WORK REQUEST
Every line of the data should be retyped with no difference from the original.

────────────────────────────────────────

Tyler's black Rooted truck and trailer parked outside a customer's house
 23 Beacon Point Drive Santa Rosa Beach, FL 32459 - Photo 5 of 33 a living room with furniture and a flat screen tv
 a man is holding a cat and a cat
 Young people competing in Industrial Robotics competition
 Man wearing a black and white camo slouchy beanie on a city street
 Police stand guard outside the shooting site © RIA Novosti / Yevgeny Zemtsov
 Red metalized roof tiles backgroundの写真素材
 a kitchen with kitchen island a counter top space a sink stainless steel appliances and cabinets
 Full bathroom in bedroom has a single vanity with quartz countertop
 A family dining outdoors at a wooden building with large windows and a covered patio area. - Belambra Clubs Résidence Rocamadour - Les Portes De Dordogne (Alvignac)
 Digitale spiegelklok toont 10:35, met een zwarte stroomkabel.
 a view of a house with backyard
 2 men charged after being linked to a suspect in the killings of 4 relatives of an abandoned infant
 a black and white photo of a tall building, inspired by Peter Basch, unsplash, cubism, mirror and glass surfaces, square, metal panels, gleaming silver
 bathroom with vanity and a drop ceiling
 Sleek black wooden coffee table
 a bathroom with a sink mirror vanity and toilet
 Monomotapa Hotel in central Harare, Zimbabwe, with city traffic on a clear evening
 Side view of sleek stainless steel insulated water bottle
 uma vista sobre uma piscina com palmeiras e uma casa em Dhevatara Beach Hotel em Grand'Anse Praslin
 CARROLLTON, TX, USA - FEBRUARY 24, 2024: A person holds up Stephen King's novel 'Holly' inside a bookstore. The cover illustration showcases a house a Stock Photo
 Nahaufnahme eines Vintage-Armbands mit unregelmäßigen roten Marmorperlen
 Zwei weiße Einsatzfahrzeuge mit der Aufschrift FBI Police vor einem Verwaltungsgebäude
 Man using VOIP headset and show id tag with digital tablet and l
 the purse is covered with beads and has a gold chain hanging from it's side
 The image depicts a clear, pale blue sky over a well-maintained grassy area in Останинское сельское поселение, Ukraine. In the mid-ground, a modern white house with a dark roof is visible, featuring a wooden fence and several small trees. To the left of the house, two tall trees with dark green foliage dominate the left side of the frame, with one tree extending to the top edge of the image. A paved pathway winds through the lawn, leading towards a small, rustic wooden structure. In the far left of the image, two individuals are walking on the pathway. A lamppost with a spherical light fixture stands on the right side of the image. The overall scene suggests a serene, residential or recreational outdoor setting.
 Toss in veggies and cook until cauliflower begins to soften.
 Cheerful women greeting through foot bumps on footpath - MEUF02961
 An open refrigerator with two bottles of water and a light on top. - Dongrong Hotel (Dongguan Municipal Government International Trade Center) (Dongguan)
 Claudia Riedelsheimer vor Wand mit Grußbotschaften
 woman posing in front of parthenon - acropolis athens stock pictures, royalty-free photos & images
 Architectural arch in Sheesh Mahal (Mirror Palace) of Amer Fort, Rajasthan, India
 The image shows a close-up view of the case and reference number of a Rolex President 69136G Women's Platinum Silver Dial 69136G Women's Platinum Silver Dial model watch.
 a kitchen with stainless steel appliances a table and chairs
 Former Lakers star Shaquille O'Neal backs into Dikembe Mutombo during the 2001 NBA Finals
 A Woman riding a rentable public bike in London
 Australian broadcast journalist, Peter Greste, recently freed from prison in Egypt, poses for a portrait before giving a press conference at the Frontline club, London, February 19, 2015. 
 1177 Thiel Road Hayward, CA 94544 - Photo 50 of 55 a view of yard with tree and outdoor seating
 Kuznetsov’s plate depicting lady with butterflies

────────────────────────────────────────

PROBLEM SOLUTION
Tyler's black Rooted truck and trailer parked outside a customer's house
 23 Beacon Point Drive Santa Rosa Beach, FL 32459 - Photo 5 of 33 a living room with furniture and a flat screen tv
 a man is holding a cat and a cat
 Young people competing in Industrial Robotics competition
 Man wearing a black and white camo slouchy beanie on a city street
 Police stand guard outside the shooting site © RIA Novosti / Yevgeny Zemtsov
 Red metalized roof tiles backgroundの写真素材
 a kitchen with kitchen island a counter top space a sink stainless steel appliances and cabinets
 Full bathroom in bedroom has a single vanity with quartz countertop
 A family dining outdoors at a wooden building with large windows and a covered patio area. - Belambra Clubs Résidence Rocamadour - Les Portes De Dordogne (Alvignac)
 Digitale spiegelklok toont 10:35, met een zwarte stroomkabel.
 a view of a house with backyard
 2 men charged after being linked to a suspect in the killings of 4 relatives of an abandoned infant
 a black and white photo of a tall building, inspired by Peter Basch, unsplash, cubism, mirror and glass surfaces, square, metal panels, gleaming silver
 bathroom with vanity and a drop ceiling
 Sleek black wooden coffee table
 a bathroom with a sink mirror vanity and toilet
 Monomotapa Hotel in central Harare, Zimbabwe, with city traffic on a clear evening
 Side view of sleek stainless steel insulated water bottle
 uma vista sobre uma piscina com palmeiras e uma casa em Dhevatara Beach Hotel em Grand'Anse Praslin
 CARROLLTON, TX, USA - FEBRUARY 24, 2024: A person holds up Stephen King's novel 'Holly' inside a bookstore. The cover illustration showcases a house a Stock Photo
 Nahaufnahme eines Vintage-Armbands mit unregelmäßigen roten Marmorperlen
 Zwei weiße Einsatzfahrzeuge mit der Aufschrift FBI Police vor einem Verwaltungsgebäude
 Man using VOIP headset and show id tag with digital tablet and l
 the purse is covered with beads and has a gold chain hanging from it's side
 The image depicts a clear, pale blue sky over a well-maintained grassy area in Останинское сельское поселение, Ukraine. In the mid-ground, a modern white house with a dark roof is visible, featuring a wooden fence and several small trees. To the left of the house, two tall trees with dark green foliage dominate the left side of the frame, with one tree extending to the top edge of the image. A paved pathway winds through the lawn, leading towards a small, rustic wooden structure. In the far left of the image, two individuals are walking on the pathway. A lamppost with a spherical light fixture stands on the right side of the image. The overall scene suggests a serene, residential or recreational outdoor setting.
 Toss in veggies and cook until cauliflower begins to soften.
 Cheerful women greeting through foot bumps on footpath - MEUF02961
 An open refrigerator with two bottles of water and a light on top. - Dongrong Hotel (Dongguan Municipal Government International Trade Center) (Dongguan)
 Claudia Riedelsheimer vor Wand mit Grußbotschaften
 woman posing in front of parthenon - acropolis athens stock pictures, royalty-free photos & images
 Architectural arch in Sheesh Mahal (Mirror Palace) of Amer Fort, Rajasthan, India
 The image shows a close-up view of the case and reference number of a Rolex President 69136G Women's Platinum Silver Dial 69136G Women's Platinum Silver Dial model watch.
 a kitchen with stainless steel appliances a table and chairs
 Former Lakers star Shaquille O'Neal backs into Dikembe Mutombo during the 2001 NBA Finals
 A Woman riding a rentable public bike in London
 Australian broadcast journalist, Peter Greste, recently freed from prison in Egypt, poses for a portrait before giving a press conference at the Frontline club, London, February 19, 2015. 
 1177 Thiel Road Hayward, CA 94544 - Photo 50 of 55 a view of yard with tree and outdoor seating
 Kuznetsov’s plate depicting lady with butterflies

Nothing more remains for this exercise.